Près de 10 000 personnes ont signé la pétition lancée par cette association pour dénoncer le « déni » de cette maladie et de sa fréquence par les pouvoirs publics. Selon elles, la maladie traitée tardivement ne peut être soignée par antiobiotiques, et s’installe alors dans une forme chronique.

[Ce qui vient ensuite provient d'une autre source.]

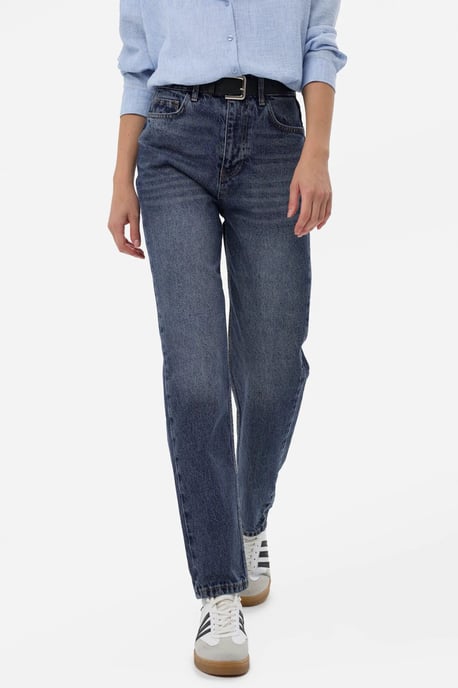 Hochtaillierte Mom-Fit Denim Jeans - Image 4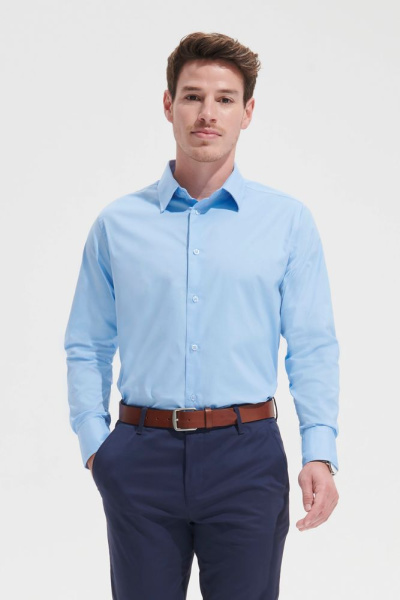 Рубашка мужская с длинным рукавом Brighton, голубая, S–4XL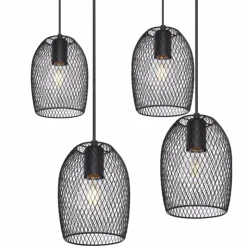 Luminaires Globo Lighting Suspensions|Suspension Globo DOPS Noir, 6 lumières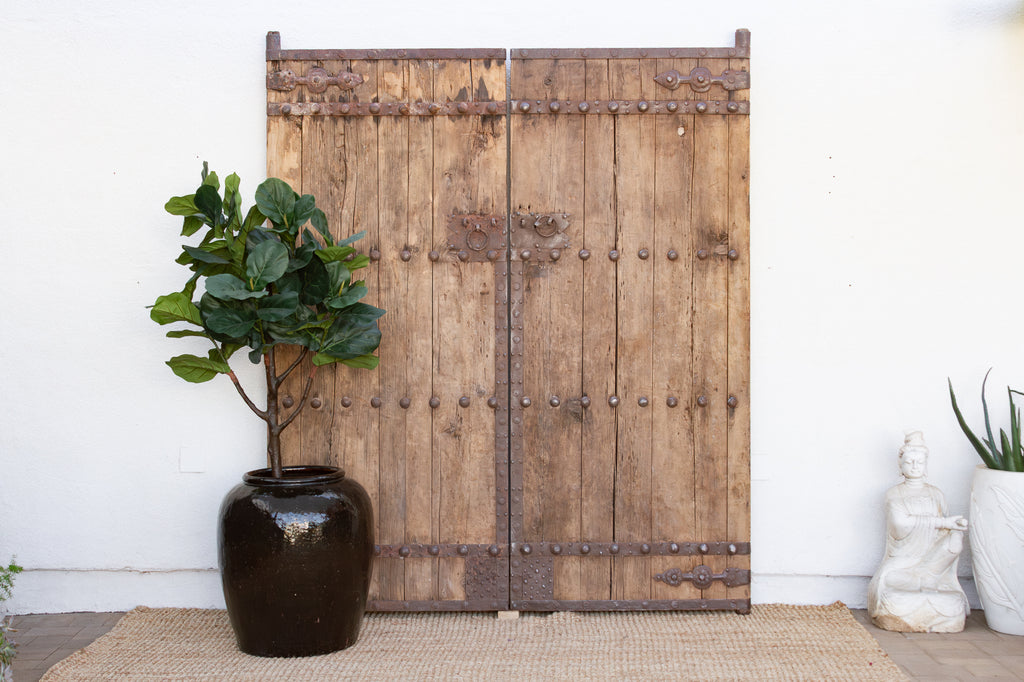 Antique Iron Blossom Architectural Courtyard Gate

Une polemique qui n’est pas près de s’éteindre

Quelques médecins soutiennent cette hypothèse, comme le P r Christian Perronne, infectiologue à l’hôpital Raymond-Poincaré de Garches (Hauts-de-Seine), ou encore le P r Luc Montagnier, co-découvreur du virus du sida et prix Nobel de médecine.
Mais au Centre national de référence de la maladie de Lyme, basé à Strasbourg, les spécialistes réunis autour du P r Daniel Christmann réfutent en bloc cette thèse. Selon eux, si des symptômes subsistent après le traitement antibiotique, ce n’est plus la bactérie de Lyme qui est en cause.
Pour le D r Pierre Kieffer, du C.H.U. de Mulhouse, les douleurs articulaires et musculaires décrites dans de tels cas sont réelles, mais peuvent relever d’une « composante psychologique ». La controverse est d’autant plus vive que les patients en colère croyaient avoir trouvé des méthodes alternatives pour se soigner, notamment le Tic-Tox, une préparation naturelle à base de sauge fabriquée par une petite entreprise alsacienne.
Mais l’Agence de sécurité sanitaire des produits de santé (Afssaps) a interdit en janvier dernier ce produit, arguant notamment qu’il n’avait pas obtenu d’autorisation de mise sur le marché (AMM) et que l’entreprise qui le fabriquait n’était pas homologuée en tant que laboratoire pharmaceutique.

Un procès à Strasbourg

Son gérant, Bernard Christophe, diplômé en pharmacie, devra d’ailleurs répondre de ces faits en septembre devant le tribunal correctionnel de Strasbourg. À ses côtés comparaîtra Viviane Schaller, gérante d’un laboratoire d’analyse biologique bien connu des « rebelles » du Lyme, car il pratiquait des tests différents de ceux officiellement préconisés. De ce fait, il a annoncé à des milliers de patients qu’ils avaient la maladie, alors même qu’on leur avait longtemps dit le contraire.
Fin mai, l’Agence régionale de santé a fait fermer le laboratoire de Mme Schaller. Les patients en colère crient au « harcèlement » et à la « répression ». Et assurent que derrière cette polémique se profilent d’énormes intérêts économiques, ceux des laboratoires pharmaceutiques. « On préfère mal soigner tous les symptômes du Lyme avec toutes sortes de médicaments qui coûtent des millions à la Sécu plutôt que de s’attaquer vraiment à la maladie », dénonce Judith Albertat.
En revanche pour le D r Kieffer, défenseur de la ligne « officielle » qui dit connaître le Lyme « par cœur », cette controverse relève du « délire ». « C’est une dérive sectaire : des gourous profitent de la crédulité de gens fragiles en entretenant leurs angoisses ».